__ASSIGNMENT__: Your answer must be a single number: how many lines in the records include the word "Blue".

__GIVEN DATA__:
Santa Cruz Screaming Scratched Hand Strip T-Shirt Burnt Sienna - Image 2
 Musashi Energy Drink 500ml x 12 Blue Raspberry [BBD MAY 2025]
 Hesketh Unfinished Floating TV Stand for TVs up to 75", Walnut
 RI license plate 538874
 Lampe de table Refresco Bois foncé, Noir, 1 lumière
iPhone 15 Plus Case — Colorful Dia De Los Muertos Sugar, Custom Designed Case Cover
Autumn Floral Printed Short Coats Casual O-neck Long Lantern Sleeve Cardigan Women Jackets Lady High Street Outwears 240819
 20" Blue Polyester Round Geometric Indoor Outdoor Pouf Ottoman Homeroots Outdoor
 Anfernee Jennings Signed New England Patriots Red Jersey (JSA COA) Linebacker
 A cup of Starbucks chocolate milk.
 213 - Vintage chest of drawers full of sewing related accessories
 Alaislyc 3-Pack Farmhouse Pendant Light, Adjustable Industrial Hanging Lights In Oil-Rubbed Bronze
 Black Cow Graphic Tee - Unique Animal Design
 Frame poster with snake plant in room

__THE ANSWER__: 2